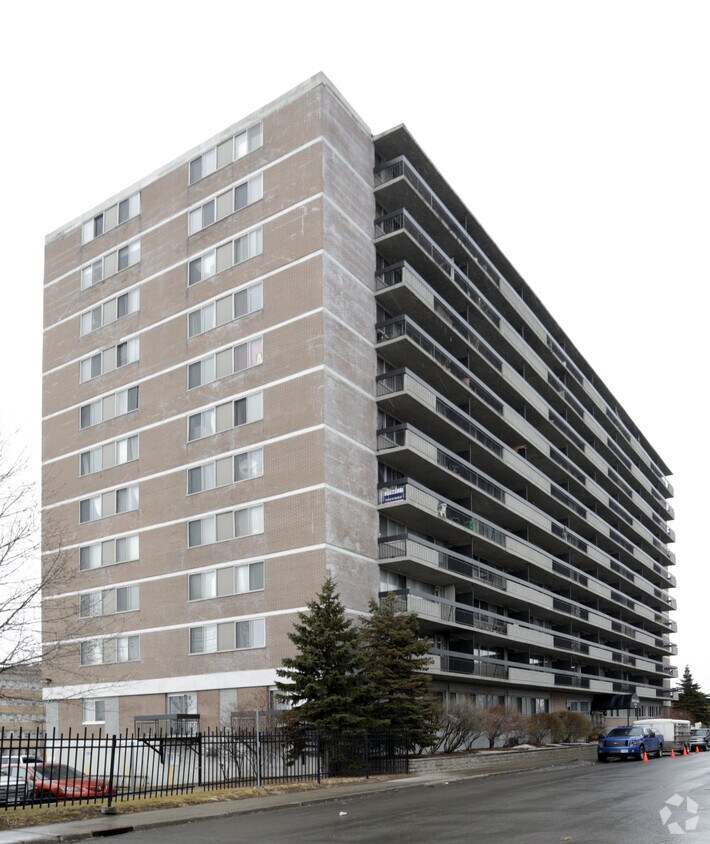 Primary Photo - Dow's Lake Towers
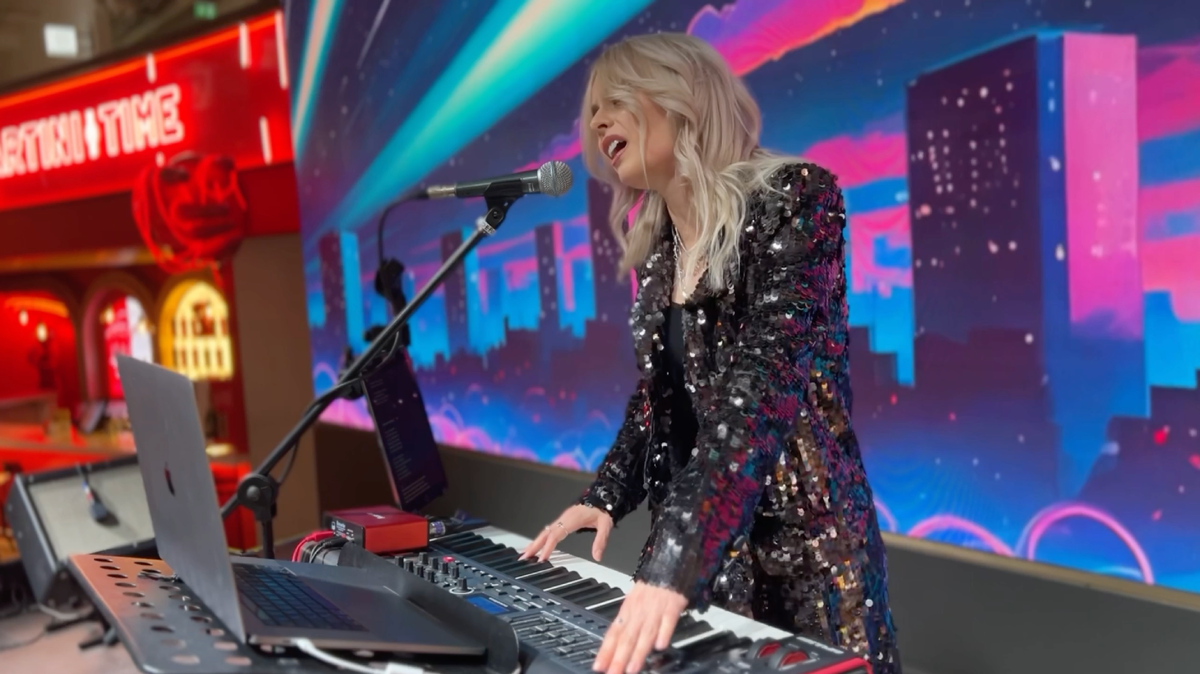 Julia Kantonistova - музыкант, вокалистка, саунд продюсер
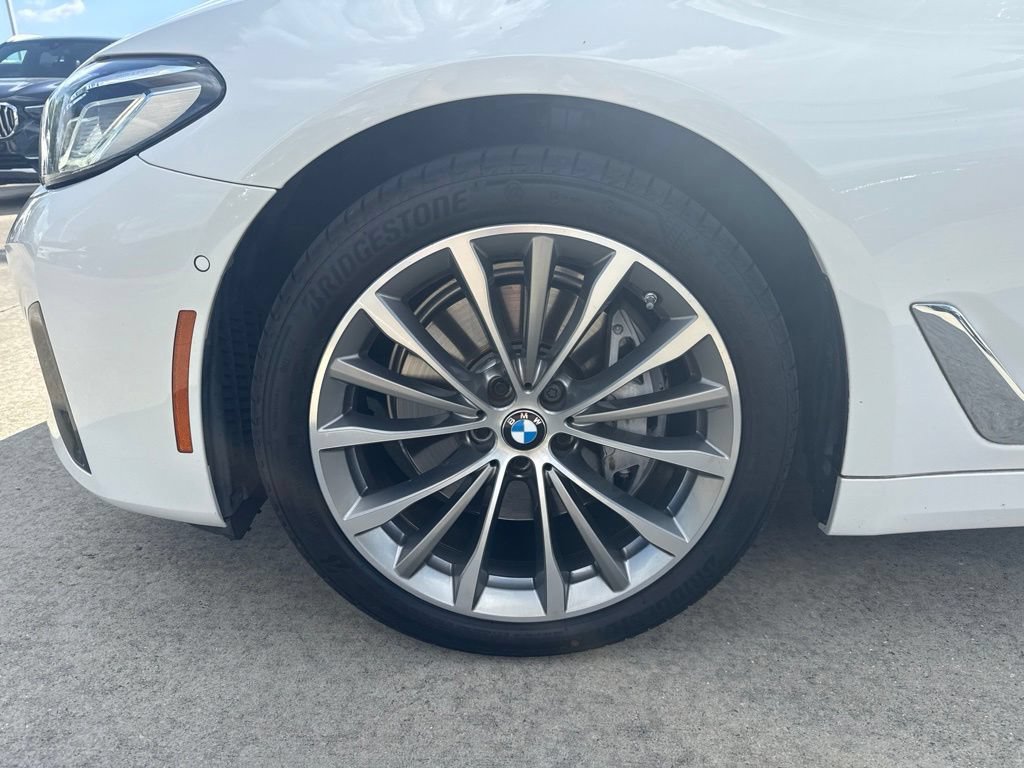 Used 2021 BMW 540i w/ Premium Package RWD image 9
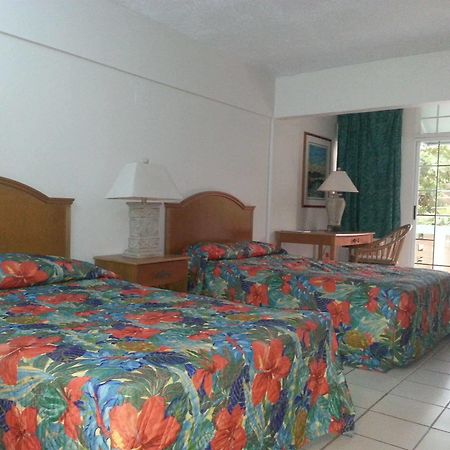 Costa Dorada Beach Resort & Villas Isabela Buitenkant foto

------------------------------------------------------------------------

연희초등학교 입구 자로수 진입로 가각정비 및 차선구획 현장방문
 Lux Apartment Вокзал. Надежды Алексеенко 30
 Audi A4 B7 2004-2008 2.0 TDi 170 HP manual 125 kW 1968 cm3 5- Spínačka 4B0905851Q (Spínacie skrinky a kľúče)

------------------------------------------------------------------------

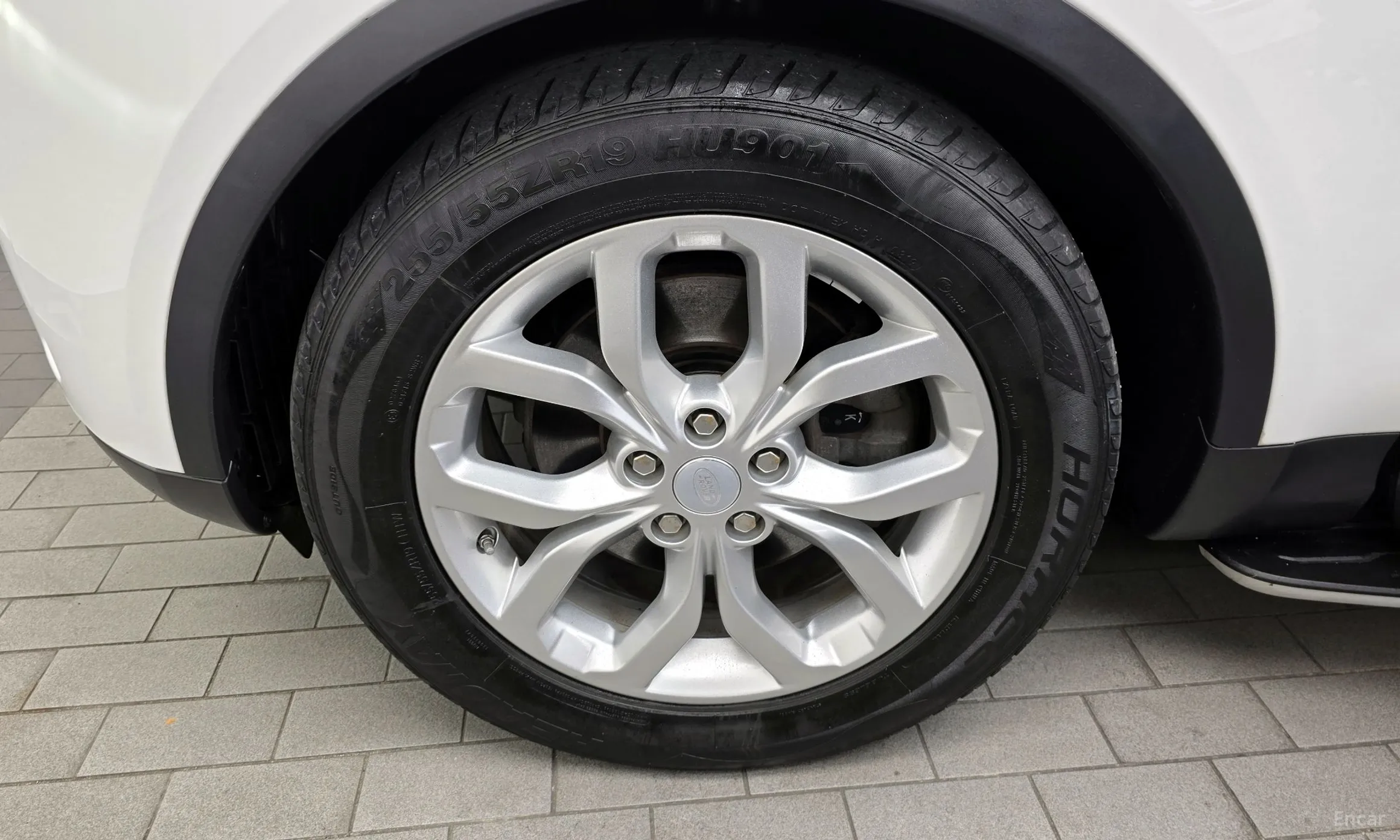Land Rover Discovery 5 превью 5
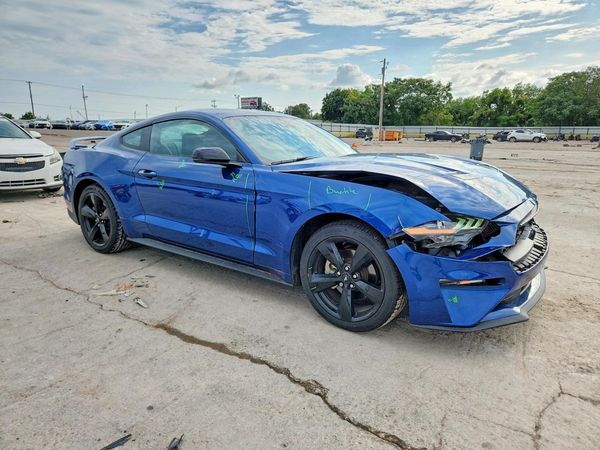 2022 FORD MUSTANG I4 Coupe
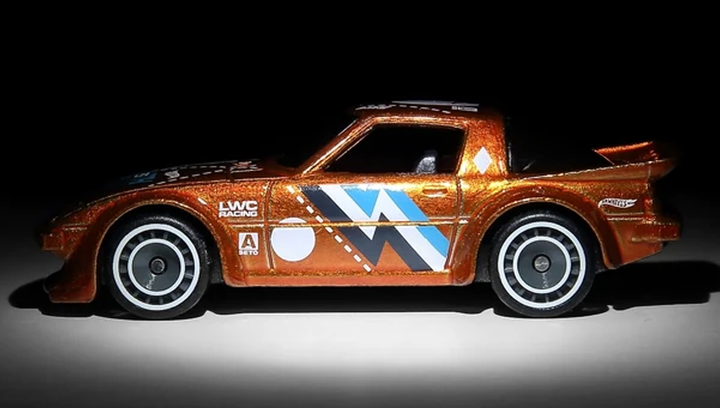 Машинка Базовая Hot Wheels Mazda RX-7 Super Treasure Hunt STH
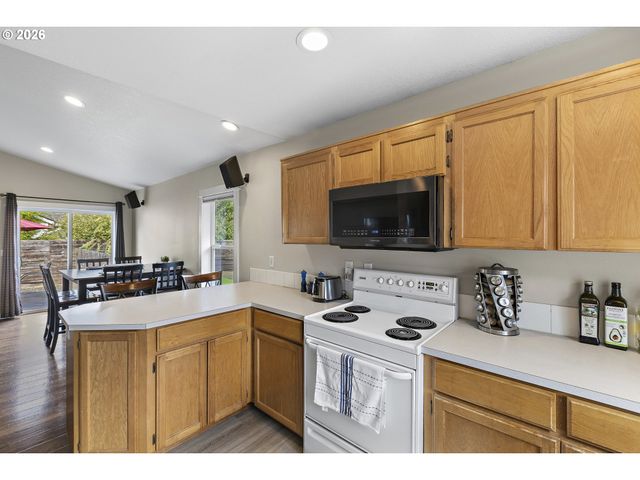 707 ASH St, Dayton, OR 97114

------------------------------------------------------------------------

Task prompt: What is wanted is an exact copy of the lines above from the one containing "Primary Photo - Dow's Lake Towers" through the one containing "Costa Dorada Beach", with no pictures in it.

Exercise solution:
 Primary Photo - Dow's Lake Towers
 Julia Kantonistova - музыкант, вокалистка, саунд продюсер
 Used 2021 BMW 540i w/ Premium Package RWD image 9
 Costa Dorada Beach Resort & Villas Isabela Buitenkant foto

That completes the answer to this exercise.